'''

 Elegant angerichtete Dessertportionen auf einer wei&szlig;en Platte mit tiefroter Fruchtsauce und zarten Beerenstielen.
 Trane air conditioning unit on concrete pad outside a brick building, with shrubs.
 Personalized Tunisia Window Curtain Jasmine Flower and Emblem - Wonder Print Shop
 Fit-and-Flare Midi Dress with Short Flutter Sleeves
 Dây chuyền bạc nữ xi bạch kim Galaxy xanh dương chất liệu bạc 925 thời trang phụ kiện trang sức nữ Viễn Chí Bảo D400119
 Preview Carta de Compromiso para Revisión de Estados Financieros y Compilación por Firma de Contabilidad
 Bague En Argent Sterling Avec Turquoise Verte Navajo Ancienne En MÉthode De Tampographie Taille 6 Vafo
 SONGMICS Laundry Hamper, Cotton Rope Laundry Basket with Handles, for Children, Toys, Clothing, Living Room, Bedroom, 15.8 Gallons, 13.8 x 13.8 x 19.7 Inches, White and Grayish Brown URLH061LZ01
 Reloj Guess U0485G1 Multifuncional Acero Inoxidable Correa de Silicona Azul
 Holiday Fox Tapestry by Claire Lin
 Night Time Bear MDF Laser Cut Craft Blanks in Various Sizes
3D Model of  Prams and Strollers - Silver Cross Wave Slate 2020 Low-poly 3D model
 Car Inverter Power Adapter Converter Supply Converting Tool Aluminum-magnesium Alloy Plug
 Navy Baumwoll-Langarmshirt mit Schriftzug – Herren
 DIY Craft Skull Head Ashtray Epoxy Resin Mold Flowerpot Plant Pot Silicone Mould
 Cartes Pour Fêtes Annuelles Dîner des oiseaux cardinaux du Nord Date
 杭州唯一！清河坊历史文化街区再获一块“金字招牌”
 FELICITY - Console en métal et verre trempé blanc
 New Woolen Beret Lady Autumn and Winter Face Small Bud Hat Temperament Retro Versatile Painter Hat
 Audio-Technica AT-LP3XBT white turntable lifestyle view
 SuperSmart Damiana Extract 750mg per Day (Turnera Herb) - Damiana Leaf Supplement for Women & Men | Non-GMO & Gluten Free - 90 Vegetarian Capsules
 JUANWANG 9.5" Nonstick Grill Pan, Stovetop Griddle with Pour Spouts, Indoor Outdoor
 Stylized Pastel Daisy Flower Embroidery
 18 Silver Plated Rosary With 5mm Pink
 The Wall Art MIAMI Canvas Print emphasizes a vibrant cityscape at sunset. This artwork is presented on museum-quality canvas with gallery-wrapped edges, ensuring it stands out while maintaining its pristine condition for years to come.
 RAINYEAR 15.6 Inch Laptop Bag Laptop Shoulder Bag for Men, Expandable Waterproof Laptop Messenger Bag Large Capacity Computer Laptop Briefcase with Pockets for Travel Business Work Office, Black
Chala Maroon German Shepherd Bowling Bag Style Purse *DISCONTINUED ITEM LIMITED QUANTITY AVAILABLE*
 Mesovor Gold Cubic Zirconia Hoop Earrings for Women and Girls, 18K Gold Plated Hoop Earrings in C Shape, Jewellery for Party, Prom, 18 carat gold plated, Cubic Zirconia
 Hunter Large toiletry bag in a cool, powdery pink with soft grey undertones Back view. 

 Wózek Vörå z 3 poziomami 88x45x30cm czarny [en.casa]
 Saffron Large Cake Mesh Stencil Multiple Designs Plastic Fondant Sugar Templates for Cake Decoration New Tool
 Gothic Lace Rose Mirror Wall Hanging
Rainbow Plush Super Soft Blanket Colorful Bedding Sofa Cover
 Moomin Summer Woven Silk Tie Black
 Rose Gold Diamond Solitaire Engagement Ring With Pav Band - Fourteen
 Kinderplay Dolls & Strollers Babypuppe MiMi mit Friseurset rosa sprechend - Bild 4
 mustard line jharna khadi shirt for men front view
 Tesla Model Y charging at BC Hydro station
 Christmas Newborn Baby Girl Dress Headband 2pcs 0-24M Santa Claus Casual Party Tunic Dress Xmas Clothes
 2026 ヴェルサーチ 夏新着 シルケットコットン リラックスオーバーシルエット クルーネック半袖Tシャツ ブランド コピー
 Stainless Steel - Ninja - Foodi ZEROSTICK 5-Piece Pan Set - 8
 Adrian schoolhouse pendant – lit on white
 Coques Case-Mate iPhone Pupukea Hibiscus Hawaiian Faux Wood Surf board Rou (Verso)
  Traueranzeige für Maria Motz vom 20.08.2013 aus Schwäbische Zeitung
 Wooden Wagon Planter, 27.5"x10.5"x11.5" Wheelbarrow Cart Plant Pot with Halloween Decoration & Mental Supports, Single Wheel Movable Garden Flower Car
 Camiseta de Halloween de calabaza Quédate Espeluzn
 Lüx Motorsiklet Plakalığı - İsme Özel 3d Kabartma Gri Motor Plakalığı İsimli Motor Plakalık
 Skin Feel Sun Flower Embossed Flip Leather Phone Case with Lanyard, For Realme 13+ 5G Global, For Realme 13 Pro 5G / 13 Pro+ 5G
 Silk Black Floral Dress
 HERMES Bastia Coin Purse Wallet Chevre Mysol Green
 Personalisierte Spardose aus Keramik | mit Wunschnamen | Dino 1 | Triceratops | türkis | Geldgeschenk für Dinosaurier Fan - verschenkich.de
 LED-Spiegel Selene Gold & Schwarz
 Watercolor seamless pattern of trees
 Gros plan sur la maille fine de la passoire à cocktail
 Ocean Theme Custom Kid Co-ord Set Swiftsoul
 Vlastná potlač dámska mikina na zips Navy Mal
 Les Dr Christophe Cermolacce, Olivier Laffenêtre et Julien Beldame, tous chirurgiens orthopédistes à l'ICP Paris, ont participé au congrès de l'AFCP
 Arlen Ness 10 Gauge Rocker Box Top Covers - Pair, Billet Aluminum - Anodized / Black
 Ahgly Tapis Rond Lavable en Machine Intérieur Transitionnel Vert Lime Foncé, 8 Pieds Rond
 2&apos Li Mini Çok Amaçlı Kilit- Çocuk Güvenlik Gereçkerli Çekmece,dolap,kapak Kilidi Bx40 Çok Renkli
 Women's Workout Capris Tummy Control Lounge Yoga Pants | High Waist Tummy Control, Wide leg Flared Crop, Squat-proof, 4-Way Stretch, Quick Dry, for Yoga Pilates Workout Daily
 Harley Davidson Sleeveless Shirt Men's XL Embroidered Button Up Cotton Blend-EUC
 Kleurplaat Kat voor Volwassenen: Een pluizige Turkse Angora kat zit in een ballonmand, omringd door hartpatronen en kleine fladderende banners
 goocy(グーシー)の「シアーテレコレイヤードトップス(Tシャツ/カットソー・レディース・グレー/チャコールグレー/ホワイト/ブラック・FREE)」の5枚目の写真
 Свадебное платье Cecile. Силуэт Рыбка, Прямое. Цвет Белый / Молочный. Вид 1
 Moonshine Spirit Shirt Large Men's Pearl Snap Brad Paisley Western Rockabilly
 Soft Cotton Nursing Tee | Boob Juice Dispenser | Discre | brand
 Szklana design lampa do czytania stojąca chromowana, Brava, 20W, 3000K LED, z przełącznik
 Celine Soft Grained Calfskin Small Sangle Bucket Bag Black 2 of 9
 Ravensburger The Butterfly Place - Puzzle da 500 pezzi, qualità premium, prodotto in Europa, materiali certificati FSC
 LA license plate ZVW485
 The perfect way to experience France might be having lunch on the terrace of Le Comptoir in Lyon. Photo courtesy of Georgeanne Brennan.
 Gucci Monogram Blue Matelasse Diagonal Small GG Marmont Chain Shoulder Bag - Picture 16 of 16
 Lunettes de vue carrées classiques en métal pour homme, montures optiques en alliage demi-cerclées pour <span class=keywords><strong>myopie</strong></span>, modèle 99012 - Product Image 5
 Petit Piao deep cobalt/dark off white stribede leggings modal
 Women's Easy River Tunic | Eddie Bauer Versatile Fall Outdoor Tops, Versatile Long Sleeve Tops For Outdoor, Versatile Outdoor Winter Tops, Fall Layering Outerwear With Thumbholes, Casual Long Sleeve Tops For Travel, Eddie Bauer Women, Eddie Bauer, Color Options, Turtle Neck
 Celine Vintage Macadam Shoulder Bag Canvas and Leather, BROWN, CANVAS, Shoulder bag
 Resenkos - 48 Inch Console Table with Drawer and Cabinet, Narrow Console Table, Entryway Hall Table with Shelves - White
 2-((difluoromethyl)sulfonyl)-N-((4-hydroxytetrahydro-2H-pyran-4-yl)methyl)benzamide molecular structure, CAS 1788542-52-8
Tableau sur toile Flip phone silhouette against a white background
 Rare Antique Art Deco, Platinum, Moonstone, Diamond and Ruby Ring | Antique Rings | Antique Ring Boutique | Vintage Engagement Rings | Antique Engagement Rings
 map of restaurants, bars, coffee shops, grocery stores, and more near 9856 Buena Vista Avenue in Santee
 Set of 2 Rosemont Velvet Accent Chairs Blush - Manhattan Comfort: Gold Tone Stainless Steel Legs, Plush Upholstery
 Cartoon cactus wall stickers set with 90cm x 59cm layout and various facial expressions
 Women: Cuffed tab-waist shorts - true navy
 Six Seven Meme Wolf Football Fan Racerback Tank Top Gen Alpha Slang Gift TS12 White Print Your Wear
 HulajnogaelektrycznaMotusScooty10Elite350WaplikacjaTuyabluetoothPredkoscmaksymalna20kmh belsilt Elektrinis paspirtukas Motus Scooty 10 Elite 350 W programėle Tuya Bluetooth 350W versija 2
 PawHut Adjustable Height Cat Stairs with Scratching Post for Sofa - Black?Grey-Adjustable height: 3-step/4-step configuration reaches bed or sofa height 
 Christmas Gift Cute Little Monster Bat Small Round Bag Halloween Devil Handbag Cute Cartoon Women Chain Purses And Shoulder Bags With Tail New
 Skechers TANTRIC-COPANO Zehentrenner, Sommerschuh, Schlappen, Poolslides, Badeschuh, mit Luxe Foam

'''

> **TASK DIRECTIONS**:
For the lines above, output exactly those from the line containing "The Wall Art" through the line containing "Silk Black Floral Dress", and skip the others.

> **REPLY TO THE EXERCISE**:
 The Wall Art MIAMI Canvas Print emphasizes a vibrant cityscape at sunset. This artwork is presented on museum-quality canvas with gallery-wrapped edges, ensuring it stands out while maintaining its pristine condition for years to come.
 RAINYEAR 15.6 Inch Laptop Bag Laptop Shoulder Bag for Men, Expandable Waterproof Laptop Messenger Bag Large Capacity Computer Laptop Briefcase with Pockets for Travel Business Work Office, Black
Chala Maroon German Shepherd Bowling Bag Style Purse *DISCONTINUED ITEM LIMITED QUANTITY AVAILABLE*
 Mesovor Gold Cubic Zirconia Hoop Earrings for Women and Girls, 18K Gold Plated Hoop Earrings in C Shape, Jewellery for Party, Prom, 18 carat gold plated, Cubic Zirconia
 Hunter Large toiletry bag in a cool, powdery pink with soft grey undertones Back view. 

 Wózek Vörå z 3 poziomami 88x45x30cm czarny [en.casa]
 Saffron Large Cake Mesh Stencil Multiple Designs Plastic Fondant Sugar Templates for Cake Decoration New Tool
 Gothic Lace Rose Mirror Wall Hanging
Rainbow Plush Super Soft Blanket Colorful Bedding Sofa Cover
 Moomin Summer Woven Silk Tie Black
 Rose Gold Diamond Solitaire Engagement Ring With Pav Band - Fourteen
 Kinderplay Dolls & Strollers Babypuppe MiMi mit Friseurset rosa sprechend - Bild 4
 mustard line jharna khadi shirt for men front view
 Tesla Model Y charging at BC Hydro station
 Christmas Newborn Baby Girl Dress Headband 2pcs 0-24M Santa Claus Casual Party Tunic Dress Xmas Clothes
 2026 ヴェルサーチ 夏新着 シルケットコットン リラックスオーバーシルエット クルーネック半袖Tシャツ ブランド コピー
 Stainless Steel - Ninja - Foodi ZEROSTICK 5-Piece Pan Set - 8
 Adrian schoolhouse pendant – lit on white
 Coques Case-Mate iPhone Pupukea Hibiscus Hawaiian Faux Wood Surf board Rou (Verso)
  Traueranzeige für Maria Motz vom 20.08.2013 aus Schwäbische Zeitung
 Wooden Wagon Planter, 27.5"x10.5"x11.5" Wheelbarrow Cart Plant Pot with Halloween Decoration & Mental Supports, Single Wheel Movable Garden Flower Car
 Camiseta de Halloween de calabaza Quédate Espeluzn
 Lüx Motorsiklet Plakalığı - İsme Özel 3d Kabartma Gri Motor Plakalığı İsimli Motor Plakalık
 Skin Feel Sun Flower Embossed Flip Leather Phone Case with Lanyard, For Realme 13+ 5G Global, For Realme 13 Pro 5G / 13 Pro+ 5G
 Silk Black Floral Dress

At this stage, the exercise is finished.